2010-02-05 Thread John Lato
> Subject: Re: [Haskell-cafe] safe lazy IO or Iteratee?
>
> Downside: iteratees are very hard to understand. I wrote a
> decently-sized article about them trying to figure out how to make
> them useful, and some comments in one of Oleg's implementations
> suggest that the "iteratee" package is subtly wrong. Oleg has written
> at least three versions (non-monadic, monadic, monadic CPS) and I've
> no idea why or whether their differences are important. Even dons says
> he didn't understand them until after writing his own iteratee-based
> IO layer.

More significant than, and orthogonal to, the differences between
non-monadic and monadic are the two primary implementations Oleg has
written.  They are[1]:

Design 1:
newtype Iteratee el m a = Iteratee{runIter:: Stream el -> m (IterV el m a)}
data IterV el m a = IE_done a (Stream el)
  | IE_cont (Iteratee el m a) (Maybe ErrMsg)

Design 2:
newtype Iteratee el m a = Iteratee{runIter:: m (IterV el m a)}
data IterV el m a = IE_done a (Stream el)
  | IE_cont (Stream el -> Iteratee el m a) (Maybe ErrMsg

With the first design, it's impossible to get the state of an iteratee
without feeding it a chunk.  There are other consequences too.  The
second design seems to require some specialized combinators, that is
(>>==) and ($$), which are not required for the first version.
Neither situation is ideal.  The CPS version appears to remedy both
flaws, but at the expense of introducing CPS at a low level (this can
be hidden from the end user in many cases).  I already think of
iteratees as holding continuations, so to me the so-called "CPS
version" is to me a double CPS.

Both designs appear to offer similar performance in aggregate,
although there are differences for particular functions.  I haven't
yet had a chance to test the performance of the CPS variant, although
Oleg has indicated he expects it will be higher.

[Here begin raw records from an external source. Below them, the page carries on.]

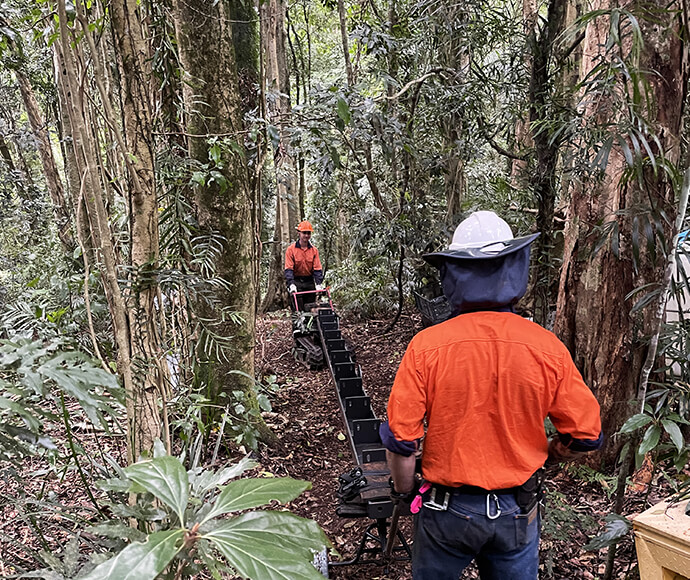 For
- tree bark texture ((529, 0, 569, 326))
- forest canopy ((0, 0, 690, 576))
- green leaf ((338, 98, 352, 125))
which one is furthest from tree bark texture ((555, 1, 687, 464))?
green leaf ((338, 98, 352, 125))

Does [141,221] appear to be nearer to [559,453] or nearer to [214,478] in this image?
[214,478]

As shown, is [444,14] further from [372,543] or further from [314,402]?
[372,543]

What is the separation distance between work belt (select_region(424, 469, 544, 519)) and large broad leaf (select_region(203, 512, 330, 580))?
82 cm

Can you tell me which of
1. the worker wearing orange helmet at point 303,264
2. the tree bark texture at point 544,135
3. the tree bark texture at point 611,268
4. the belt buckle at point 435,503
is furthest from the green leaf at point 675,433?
the worker wearing orange helmet at point 303,264

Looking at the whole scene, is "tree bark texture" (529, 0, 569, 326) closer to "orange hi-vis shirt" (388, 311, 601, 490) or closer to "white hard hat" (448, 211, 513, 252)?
"white hard hat" (448, 211, 513, 252)

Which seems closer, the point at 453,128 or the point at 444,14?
the point at 444,14

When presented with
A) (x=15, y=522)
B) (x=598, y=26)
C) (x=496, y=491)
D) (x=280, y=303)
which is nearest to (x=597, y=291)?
(x=598, y=26)

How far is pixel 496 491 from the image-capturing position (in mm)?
1854

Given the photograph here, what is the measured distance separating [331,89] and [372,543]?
3.23m

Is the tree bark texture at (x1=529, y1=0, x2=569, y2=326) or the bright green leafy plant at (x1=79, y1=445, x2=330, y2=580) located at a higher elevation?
the tree bark texture at (x1=529, y1=0, x2=569, y2=326)

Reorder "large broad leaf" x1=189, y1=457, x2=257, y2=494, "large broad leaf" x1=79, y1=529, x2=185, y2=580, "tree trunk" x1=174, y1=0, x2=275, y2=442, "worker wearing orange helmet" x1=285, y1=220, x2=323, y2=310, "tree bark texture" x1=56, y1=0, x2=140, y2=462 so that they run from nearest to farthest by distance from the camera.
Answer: "large broad leaf" x1=79, y1=529, x2=185, y2=580 < "large broad leaf" x1=189, y1=457, x2=257, y2=494 < "tree bark texture" x1=56, y1=0, x2=140, y2=462 < "tree trunk" x1=174, y1=0, x2=275, y2=442 < "worker wearing orange helmet" x1=285, y1=220, x2=323, y2=310

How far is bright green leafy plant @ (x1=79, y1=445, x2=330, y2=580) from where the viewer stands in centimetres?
98

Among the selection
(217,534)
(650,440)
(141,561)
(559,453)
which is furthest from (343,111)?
(141,561)

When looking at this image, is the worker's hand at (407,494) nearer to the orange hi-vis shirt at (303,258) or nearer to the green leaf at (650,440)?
the green leaf at (650,440) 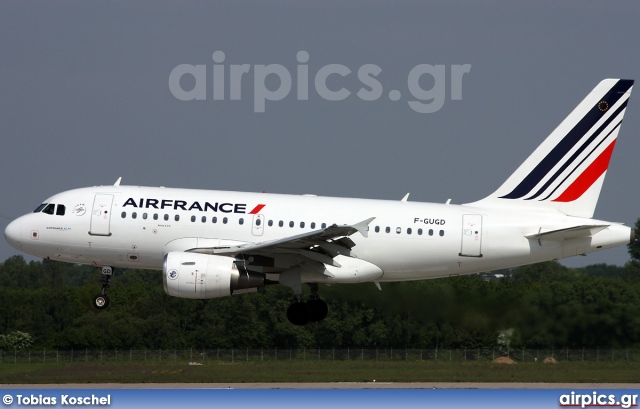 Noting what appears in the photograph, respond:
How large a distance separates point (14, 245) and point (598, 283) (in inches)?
840

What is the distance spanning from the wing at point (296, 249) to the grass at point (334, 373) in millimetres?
6717

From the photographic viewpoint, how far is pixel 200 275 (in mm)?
35875

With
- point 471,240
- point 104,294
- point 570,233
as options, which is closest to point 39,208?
point 104,294

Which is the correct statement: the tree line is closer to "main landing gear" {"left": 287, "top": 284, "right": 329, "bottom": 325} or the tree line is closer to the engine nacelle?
"main landing gear" {"left": 287, "top": 284, "right": 329, "bottom": 325}

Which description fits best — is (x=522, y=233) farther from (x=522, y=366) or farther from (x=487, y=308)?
(x=522, y=366)

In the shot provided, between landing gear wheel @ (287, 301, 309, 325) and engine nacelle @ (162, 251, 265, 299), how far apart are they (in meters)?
2.19

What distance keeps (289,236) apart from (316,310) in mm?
2799

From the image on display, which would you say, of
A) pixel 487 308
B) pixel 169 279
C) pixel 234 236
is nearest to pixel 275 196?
pixel 234 236

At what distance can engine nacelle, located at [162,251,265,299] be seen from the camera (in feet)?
117

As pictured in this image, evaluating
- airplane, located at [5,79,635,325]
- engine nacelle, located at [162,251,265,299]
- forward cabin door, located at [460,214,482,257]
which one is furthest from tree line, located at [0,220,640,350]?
engine nacelle, located at [162,251,265,299]

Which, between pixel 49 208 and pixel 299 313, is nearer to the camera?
pixel 299 313

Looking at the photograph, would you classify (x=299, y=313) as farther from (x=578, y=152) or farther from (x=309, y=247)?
(x=578, y=152)

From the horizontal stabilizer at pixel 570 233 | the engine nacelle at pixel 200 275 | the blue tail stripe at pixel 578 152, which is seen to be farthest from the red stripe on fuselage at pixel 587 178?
the engine nacelle at pixel 200 275

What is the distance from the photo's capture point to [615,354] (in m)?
42.4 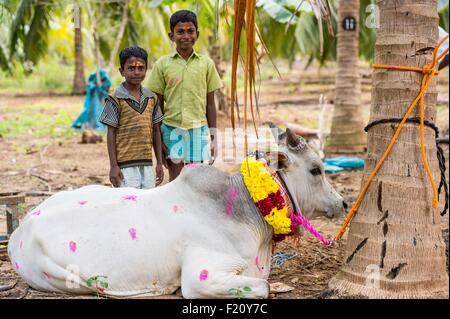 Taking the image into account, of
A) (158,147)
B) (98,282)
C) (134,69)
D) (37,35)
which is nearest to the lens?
(98,282)

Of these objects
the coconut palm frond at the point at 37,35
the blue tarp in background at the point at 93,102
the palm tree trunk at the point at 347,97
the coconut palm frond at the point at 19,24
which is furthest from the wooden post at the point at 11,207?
the coconut palm frond at the point at 37,35

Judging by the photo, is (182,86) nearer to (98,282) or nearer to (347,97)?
(98,282)

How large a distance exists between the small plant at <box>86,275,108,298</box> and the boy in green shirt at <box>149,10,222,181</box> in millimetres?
2020

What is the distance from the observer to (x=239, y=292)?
146 inches

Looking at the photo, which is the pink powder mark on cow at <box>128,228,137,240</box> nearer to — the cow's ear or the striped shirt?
the cow's ear

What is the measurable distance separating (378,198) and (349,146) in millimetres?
6793

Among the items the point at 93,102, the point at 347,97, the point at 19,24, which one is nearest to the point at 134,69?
the point at 347,97

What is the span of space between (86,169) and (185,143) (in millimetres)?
4385

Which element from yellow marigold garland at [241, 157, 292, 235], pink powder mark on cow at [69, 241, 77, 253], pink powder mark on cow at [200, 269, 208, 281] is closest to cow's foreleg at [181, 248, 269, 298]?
pink powder mark on cow at [200, 269, 208, 281]

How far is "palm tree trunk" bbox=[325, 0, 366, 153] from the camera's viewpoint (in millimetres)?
10523

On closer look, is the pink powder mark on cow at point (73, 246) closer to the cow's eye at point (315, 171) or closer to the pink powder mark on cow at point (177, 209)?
the pink powder mark on cow at point (177, 209)

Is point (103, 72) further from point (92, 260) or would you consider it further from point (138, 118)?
point (92, 260)

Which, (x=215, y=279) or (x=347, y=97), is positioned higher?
(x=347, y=97) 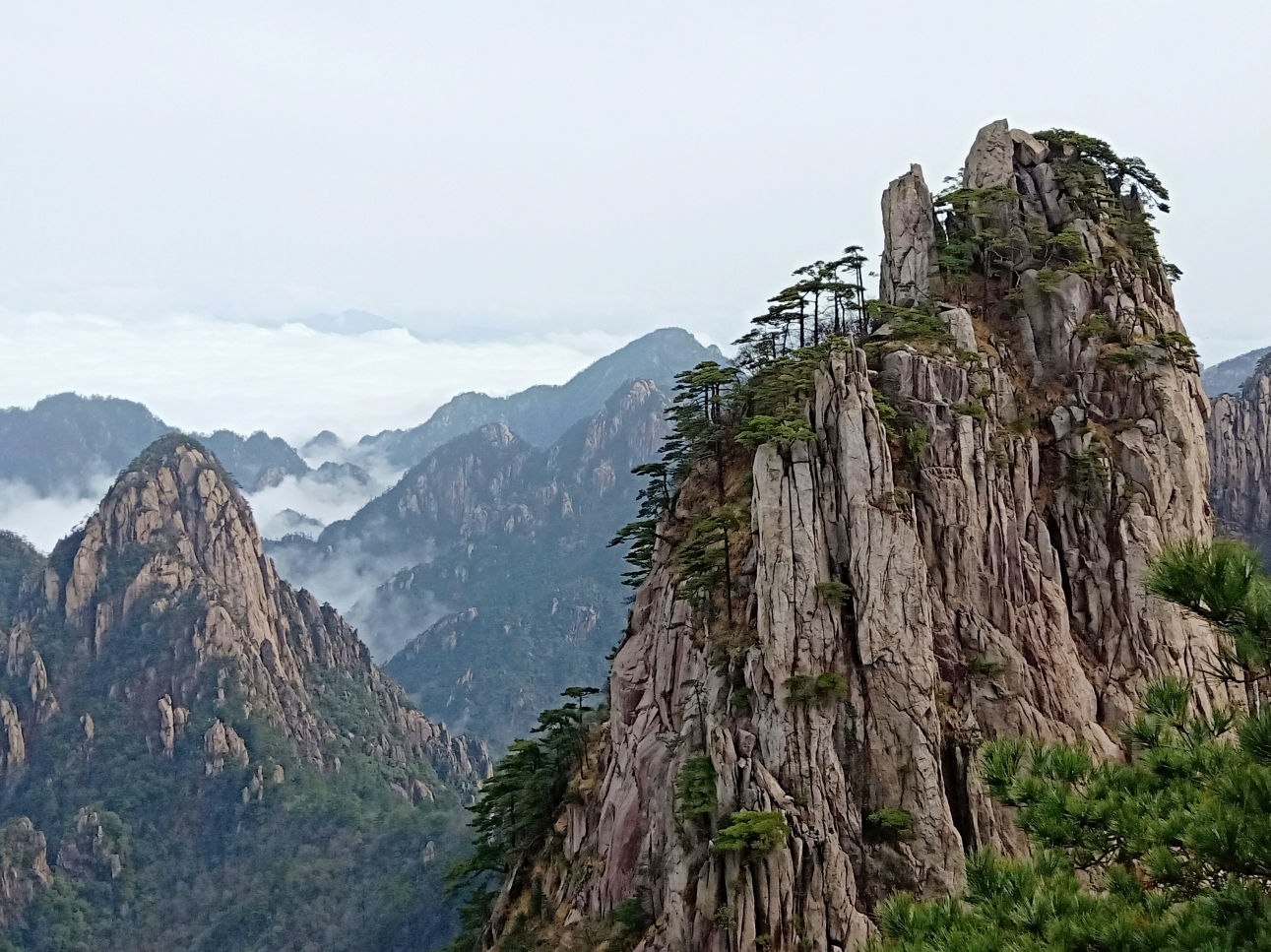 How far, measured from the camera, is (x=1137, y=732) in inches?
444

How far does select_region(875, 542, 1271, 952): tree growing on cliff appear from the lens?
916 centimetres

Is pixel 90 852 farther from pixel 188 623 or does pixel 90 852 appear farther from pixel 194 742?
pixel 188 623

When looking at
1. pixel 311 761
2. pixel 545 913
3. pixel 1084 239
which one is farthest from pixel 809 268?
pixel 311 761

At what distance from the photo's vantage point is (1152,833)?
9945mm

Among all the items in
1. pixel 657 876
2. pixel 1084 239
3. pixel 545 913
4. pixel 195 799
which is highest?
pixel 1084 239

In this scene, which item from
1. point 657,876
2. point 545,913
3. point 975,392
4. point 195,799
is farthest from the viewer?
point 195,799

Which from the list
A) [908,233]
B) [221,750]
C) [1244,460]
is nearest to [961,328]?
[908,233]

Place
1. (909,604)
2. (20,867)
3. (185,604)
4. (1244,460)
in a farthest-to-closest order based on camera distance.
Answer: (185,604) → (1244,460) → (20,867) → (909,604)

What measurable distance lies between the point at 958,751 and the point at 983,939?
20.3 metres

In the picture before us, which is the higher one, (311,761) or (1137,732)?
(1137,732)

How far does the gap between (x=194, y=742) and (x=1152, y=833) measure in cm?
14057

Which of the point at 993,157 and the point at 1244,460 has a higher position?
the point at 993,157

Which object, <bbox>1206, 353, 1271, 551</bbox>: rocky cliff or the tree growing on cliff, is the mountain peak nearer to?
<bbox>1206, 353, 1271, 551</bbox>: rocky cliff

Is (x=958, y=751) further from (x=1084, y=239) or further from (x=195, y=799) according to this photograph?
(x=195, y=799) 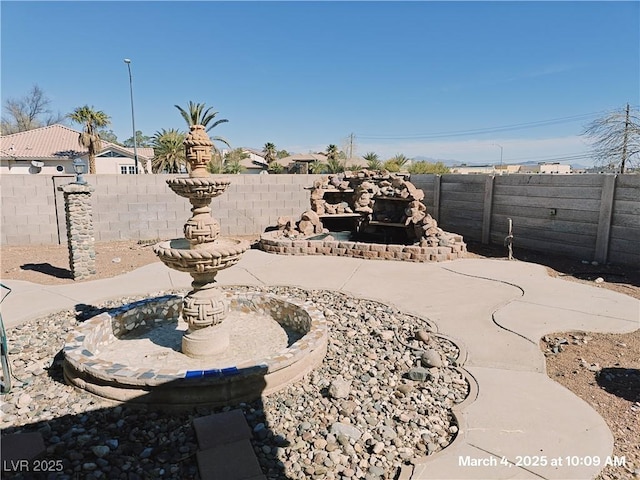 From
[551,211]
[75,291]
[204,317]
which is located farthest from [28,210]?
[551,211]

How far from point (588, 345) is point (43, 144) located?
27.9 metres

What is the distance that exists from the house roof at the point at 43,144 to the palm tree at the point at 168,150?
4.65 m

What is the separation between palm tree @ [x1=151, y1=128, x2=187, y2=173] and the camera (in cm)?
2641

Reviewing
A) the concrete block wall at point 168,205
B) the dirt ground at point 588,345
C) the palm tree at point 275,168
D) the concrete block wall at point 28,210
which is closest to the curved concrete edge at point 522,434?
the dirt ground at point 588,345

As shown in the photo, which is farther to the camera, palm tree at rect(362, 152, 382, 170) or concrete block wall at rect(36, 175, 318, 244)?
palm tree at rect(362, 152, 382, 170)

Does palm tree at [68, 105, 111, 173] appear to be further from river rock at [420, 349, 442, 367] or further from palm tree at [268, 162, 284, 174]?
river rock at [420, 349, 442, 367]

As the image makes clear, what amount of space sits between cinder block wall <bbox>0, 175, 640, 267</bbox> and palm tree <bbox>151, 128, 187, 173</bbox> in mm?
16110

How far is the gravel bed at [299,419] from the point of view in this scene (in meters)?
2.60

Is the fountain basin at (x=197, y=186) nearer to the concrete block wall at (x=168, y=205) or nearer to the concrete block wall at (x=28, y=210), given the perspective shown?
the concrete block wall at (x=168, y=205)

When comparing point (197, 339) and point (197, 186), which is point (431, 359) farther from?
point (197, 186)

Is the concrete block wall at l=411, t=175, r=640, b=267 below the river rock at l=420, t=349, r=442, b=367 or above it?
above

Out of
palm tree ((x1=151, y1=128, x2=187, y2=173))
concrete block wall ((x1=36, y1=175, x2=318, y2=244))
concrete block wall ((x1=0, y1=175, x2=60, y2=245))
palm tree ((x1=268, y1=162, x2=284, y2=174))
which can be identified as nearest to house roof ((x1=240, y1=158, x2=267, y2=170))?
palm tree ((x1=268, y1=162, x2=284, y2=174))

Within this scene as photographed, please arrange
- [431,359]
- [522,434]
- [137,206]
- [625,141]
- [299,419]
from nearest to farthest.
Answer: [522,434]
[299,419]
[431,359]
[137,206]
[625,141]

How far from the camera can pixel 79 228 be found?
7.20 metres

The monadic/non-monadic issue is related.  Non-monadic iteratees are
iteratees that can't perform monadic effects when they're running
(although they can still be fed from a monadic enumerator).
Essentially it's the difference between "fold" and "foldM".  They are
simpler and more efficient because of this, but also much less
powerful.  Any iteratee design can support both non-monadic and
monadic, but *I* don't want to support both.  At least, I don't want
to have double modules for everything for nearly identical functions,
and polymorphic code that can handle non-monadic and monadic iteratees
is non-trivial[2].

Much of my recent work has been in the consequences of these various
design considerations for the next version of the iteratee library.
Currently undecided, although I'm leaning towards CPS.  It seems to
solve a lot of problems, and the implementation details are generally
cleaner too.

Cheers,
John

[1] Both taken from
http://okmij.org/ftp/Haskell/Iteratee/IterateeM.hs.  Design 1 is
commented out on that page.

[2] At least for me.  Maybe others can provide a better solution.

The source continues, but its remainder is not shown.